• Task description
Would you output all the entries below without altering a word?

• Records shown
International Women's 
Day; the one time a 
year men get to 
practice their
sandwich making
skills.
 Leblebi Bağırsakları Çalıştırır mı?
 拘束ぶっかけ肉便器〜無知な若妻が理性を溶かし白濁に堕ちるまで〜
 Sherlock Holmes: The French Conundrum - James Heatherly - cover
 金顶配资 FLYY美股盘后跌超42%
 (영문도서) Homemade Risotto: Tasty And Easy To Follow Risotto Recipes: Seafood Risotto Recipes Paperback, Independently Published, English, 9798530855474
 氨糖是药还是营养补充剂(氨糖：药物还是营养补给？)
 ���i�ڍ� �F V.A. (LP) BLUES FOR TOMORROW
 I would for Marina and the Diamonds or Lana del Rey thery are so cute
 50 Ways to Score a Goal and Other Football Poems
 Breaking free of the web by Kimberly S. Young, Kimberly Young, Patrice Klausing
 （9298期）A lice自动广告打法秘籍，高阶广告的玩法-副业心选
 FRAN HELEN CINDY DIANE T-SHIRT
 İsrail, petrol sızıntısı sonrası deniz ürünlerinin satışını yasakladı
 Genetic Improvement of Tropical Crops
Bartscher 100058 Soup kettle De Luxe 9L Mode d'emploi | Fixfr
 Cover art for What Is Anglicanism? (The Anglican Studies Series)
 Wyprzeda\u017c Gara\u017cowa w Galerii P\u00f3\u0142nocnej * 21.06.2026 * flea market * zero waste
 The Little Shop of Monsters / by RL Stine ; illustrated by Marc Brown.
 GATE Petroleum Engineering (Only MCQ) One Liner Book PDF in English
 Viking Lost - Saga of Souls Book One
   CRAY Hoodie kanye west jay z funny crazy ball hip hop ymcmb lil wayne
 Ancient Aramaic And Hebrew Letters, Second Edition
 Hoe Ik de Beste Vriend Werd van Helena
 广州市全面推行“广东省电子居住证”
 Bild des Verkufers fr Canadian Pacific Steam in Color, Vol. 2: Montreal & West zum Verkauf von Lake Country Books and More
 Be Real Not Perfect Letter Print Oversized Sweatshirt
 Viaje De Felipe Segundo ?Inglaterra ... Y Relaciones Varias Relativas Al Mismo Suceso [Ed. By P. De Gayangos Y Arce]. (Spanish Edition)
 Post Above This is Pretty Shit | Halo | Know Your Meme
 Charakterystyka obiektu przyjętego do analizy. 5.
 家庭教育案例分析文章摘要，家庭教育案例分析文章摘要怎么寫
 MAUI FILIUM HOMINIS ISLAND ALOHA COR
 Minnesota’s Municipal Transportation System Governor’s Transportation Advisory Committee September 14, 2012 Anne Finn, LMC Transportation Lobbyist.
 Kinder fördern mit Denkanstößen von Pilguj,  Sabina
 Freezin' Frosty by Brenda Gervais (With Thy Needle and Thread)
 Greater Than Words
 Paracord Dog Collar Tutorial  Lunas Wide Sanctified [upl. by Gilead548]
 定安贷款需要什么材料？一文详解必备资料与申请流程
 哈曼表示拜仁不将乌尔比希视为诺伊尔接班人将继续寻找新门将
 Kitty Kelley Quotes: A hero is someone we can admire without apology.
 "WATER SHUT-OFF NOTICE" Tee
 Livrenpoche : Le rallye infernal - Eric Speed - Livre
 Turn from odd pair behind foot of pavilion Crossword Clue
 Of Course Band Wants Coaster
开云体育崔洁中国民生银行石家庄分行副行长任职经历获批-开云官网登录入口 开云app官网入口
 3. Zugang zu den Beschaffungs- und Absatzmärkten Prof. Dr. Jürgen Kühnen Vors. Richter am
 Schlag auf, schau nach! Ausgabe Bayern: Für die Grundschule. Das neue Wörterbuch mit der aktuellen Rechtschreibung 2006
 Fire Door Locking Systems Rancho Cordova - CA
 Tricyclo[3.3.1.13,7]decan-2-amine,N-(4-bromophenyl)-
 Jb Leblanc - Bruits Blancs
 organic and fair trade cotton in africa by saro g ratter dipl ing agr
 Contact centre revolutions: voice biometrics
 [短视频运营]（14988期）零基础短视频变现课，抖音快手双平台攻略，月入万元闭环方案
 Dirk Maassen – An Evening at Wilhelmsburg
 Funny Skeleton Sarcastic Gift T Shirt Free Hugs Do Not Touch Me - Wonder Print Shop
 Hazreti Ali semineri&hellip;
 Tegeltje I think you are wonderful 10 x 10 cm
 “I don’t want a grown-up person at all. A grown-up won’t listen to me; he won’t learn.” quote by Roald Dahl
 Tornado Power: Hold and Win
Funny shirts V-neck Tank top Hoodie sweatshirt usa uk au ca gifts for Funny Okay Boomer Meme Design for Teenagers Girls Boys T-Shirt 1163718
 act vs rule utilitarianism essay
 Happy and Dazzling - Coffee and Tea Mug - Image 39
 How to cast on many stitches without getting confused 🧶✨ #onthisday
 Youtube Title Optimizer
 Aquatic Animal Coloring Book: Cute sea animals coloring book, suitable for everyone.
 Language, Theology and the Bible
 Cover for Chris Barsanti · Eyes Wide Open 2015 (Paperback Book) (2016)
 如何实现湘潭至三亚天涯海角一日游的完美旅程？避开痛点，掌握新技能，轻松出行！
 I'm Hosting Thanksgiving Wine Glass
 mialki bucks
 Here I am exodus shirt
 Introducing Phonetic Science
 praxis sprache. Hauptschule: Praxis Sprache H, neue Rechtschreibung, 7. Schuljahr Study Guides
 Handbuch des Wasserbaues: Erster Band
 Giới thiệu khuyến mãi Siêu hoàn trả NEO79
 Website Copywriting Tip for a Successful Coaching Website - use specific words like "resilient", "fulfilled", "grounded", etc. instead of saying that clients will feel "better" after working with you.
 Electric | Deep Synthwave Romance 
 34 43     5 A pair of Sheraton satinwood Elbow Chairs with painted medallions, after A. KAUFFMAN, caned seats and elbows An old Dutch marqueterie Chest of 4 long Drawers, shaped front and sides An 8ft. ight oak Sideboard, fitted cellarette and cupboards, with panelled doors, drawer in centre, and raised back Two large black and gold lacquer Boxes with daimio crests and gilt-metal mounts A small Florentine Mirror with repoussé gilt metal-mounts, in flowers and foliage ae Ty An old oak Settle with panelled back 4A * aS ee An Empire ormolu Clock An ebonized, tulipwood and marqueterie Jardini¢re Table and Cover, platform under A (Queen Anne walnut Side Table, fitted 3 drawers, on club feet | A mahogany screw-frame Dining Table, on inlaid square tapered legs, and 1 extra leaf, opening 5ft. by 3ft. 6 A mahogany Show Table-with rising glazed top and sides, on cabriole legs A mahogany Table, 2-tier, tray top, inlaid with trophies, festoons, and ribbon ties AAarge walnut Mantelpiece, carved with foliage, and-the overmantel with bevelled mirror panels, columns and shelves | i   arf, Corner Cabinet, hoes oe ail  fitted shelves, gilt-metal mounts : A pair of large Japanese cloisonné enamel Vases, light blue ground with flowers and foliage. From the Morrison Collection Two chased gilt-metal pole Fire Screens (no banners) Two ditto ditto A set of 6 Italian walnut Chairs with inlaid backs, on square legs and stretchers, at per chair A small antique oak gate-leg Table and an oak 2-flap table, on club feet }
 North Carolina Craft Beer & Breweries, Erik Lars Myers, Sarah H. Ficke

• Exercise output
International Women's 
Day; the one time a 
year men get to 
practice their
sandwich making
skills.
 Leblebi Bağırsakları Çalıştırır mı?
 拘束ぶっかけ肉便器〜無知な若妻が理性を溶かし白濁に堕ちるまで〜
 Sherlock Holmes: The French Conundrum - James Heatherly - cover
 金顶配资 FLYY美股盘后跌超42%
 (영문도서) Homemade Risotto: Tasty And Easy To Follow Risotto Recipes: Seafood Risotto Recipes Paperback, Independently Published, English, 9798530855474
 氨糖是药还是营养补充剂(氨糖：药物还是营养补给？)
 ���i�ڍ� �F V.A. (LP) BLUES FOR TOMORROW
 I would for Marina and the Diamonds or Lana del Rey thery are so cute
 50 Ways to Score a Goal and Other Football Poems
 Breaking free of the web by Kimberly S. Young, Kimberly Young, Patrice Klausing
 （9298期）A lice自动广告打法秘籍，高阶广告的玩法-副业心选
 FRAN HELEN CINDY DIANE T-SHIRT
 İsrail, petrol sızıntısı sonrası deniz ürünlerinin satışını yasakladı
 Genetic Improvement of Tropical Crops
Bartscher 100058 Soup kettle De Luxe 9L Mode d'emploi | Fixfr
 Cover art for What Is Anglicanism? (The Anglican Studies Series)
 Wyprzeda\u017c Gara\u017cowa w Galerii P\u00f3\u0142nocnej * 21.06.2026 * flea market * zero waste
 The Little Shop of Monsters / by RL Stine ; illustrated by Marc Brown.
 GATE Petroleum Engineering (Only MCQ) One Liner Book PDF in English
 Viking Lost - Saga of Souls Book One
   CRAY Hoodie kanye west jay z funny crazy ball hip hop ymcmb lil wayne
 Ancient Aramaic And Hebrew Letters, Second Edition
 Hoe Ik de Beste Vriend Werd van Helena
 广州市全面推行“广东省电子居住证”
 Bild des Verkufers fr Canadian Pacific Steam in Color, Vol. 2: Montreal & West zum Verkauf von Lake Country Books and More
 Be Real Not Perfect Letter Print Oversized Sweatshirt
 Viaje De Felipe Segundo ?Inglaterra ... Y Relaciones Varias Relativas Al Mismo Suceso [Ed. By P. De Gayangos Y Arce]. (Spanish Edition)
 Post Above This is Pretty Shit | Halo | Know Your Meme
 Charakterystyka obiektu przyjętego do analizy. 5.
 家庭教育案例分析文章摘要，家庭教育案例分析文章摘要怎么寫
 MAUI FILIUM HOMINIS ISLAND ALOHA COR
 Minnesota’s Municipal Transportation System Governor’s Transportation Advisory Committee September 14, 2012 Anne Finn, LMC Transportation Lobbyist.
 Kinder fördern mit Denkanstößen von Pilguj,  Sabina
 Freezin' Frosty by Brenda Gervais (With Thy Needle and Thread)
 Greater Than Words
 Paracord Dog Collar Tutorial  Lunas Wide Sanctified [upl. by Gilead548]
 定安贷款需要什么材料？一文详解必备资料与申请流程
 哈曼表示拜仁不将乌尔比希视为诺伊尔接班人将继续寻找新门将
 Kitty Kelley Quotes: A hero is someone we can admire without apology.
 "WATER SHUT-OFF NOTICE" Tee
 Livrenpoche : Le rallye infernal - Eric Speed - Livre
 Turn from odd pair behind foot of pavilion Crossword Clue
 Of Course Band Wants Coaster
开云体育崔洁中国民生银行石家庄分行副行长任职经历获批-开云官网登录入口 开云app官网入口
 3. Zugang zu den Beschaffungs- und Absatzmärkten Prof. Dr. Jürgen Kühnen Vors. Richter am
 Schlag auf, schau nach! Ausgabe Bayern: Für die Grundschule. Das neue Wörterbuch mit der aktuellen Rechtschreibung 2006
 Fire Door Locking Systems Rancho Cordova - CA
 Tricyclo[3.3.1.13,7]decan-2-amine,N-(4-bromophenyl)-
 Jb Leblanc - Bruits Blancs
 organic and fair trade cotton in africa by saro g ratter dipl ing agr
 Contact centre revolutions: voice biometrics
 [短视频运营]（14988期）零基础短视频变现课，抖音快手双平台攻略，月入万元闭环方案
 Dirk Maassen – An Evening at Wilhelmsburg
 Funny Skeleton Sarcastic Gift T Shirt Free Hugs Do Not Touch Me - Wonder Print Shop
 Hazreti Ali semineri&hellip;
 Tegeltje I think you are wonderful 10 x 10 cm
 “I don’t want a grown-up person at all. A grown-up won’t listen to me; he won’t learn.” quote by Roald Dahl
 Tornado Power: Hold and Win
Funny shirts V-neck Tank top Hoodie sweatshirt usa uk au ca gifts for Funny Okay Boomer Meme Design for Teenagers Girls Boys T-Shirt 1163718
 act vs rule utilitarianism essay
 Happy and Dazzling - Coffee and Tea Mug - Image 39
 How to cast on many stitches without getting confused 🧶✨ #onthisday
 Youtube Title Optimizer
 Aquatic Animal Coloring Book: Cute sea animals coloring book, suitable for everyone.
 Language, Theology and the Bible
 Cover for Chris Barsanti · Eyes Wide Open 2015 (Paperback Book) (2016)
 如何实现湘潭至三亚天涯海角一日游的完美旅程？避开痛点，掌握新技能，轻松出行！
 I'm Hosting Thanksgiving Wine Glass
 mialki bucks
 Here I am exodus shirt
 Introducing Phonetic Science
 praxis sprache. Hauptschule: Praxis Sprache H, neue Rechtschreibung, 7. Schuljahr Study Guides
 Handbuch des Wasserbaues: Erster Band
 Giới thiệu khuyến mãi Siêu hoàn trả NEO79
 Website Copywriting Tip for a Successful Coaching Website - use specific words like "resilient", "fulfilled", "grounded", etc. instead of saying that clients will feel "better" after working with you.
 Electric | Deep Synthwave Romance 
 34 43     5 A pair of Sheraton satinwood Elbow Chairs with painted medallions, after A. KAUFFMAN, caned seats and elbows An old Dutch marqueterie Chest of 4 long Drawers, shaped front and sides An 8ft. ight oak Sideboard, fitted cellarette and cupboards, with panelled doors, drawer in centre, and raised back Two large black and gold lacquer Boxes with daimio crests and gilt-metal mounts A small Florentine Mirror with repoussé gilt metal-mounts, in flowers and foliage ae Ty An old oak Settle with panelled back 4A * aS ee An Empire ormolu Clock An ebonized, tulipwood and marqueterie Jardini¢re Table and Cover, platform under A (Queen Anne walnut Side Table, fitted 3 drawers, on club feet | A mahogany screw-frame Dining Table, on inlaid square tapered legs, and 1 extra leaf, opening 5ft. by 3ft. 6 A mahogany Show Table-with rising glazed top and sides, on cabriole legs A mahogany Table, 2-tier, tray top, inlaid with trophies, festoons, and ribbon ties AAarge walnut Mantelpiece, carved with foliage, and-the overmantel with bevelled mirror panels, columns and shelves | i   arf, Corner Cabinet, hoes oe ail  fitted shelves, gilt-metal mounts : A pair of large Japanese cloisonné enamel Vases, light blue ground with flowers and foliage. From the Morrison Collection Two chased gilt-metal pole Fire Screens (no banners) Two ditto ditto A set of 6 Italian walnut Chairs with inlaid backs, on square legs and stretchers, at per chair A small antique oak gate-leg Table and an oak 2-flap table, on club feet }
 North Carolina Craft Beer & Breweries, Erik Lars Myers, Sarah H. Ficke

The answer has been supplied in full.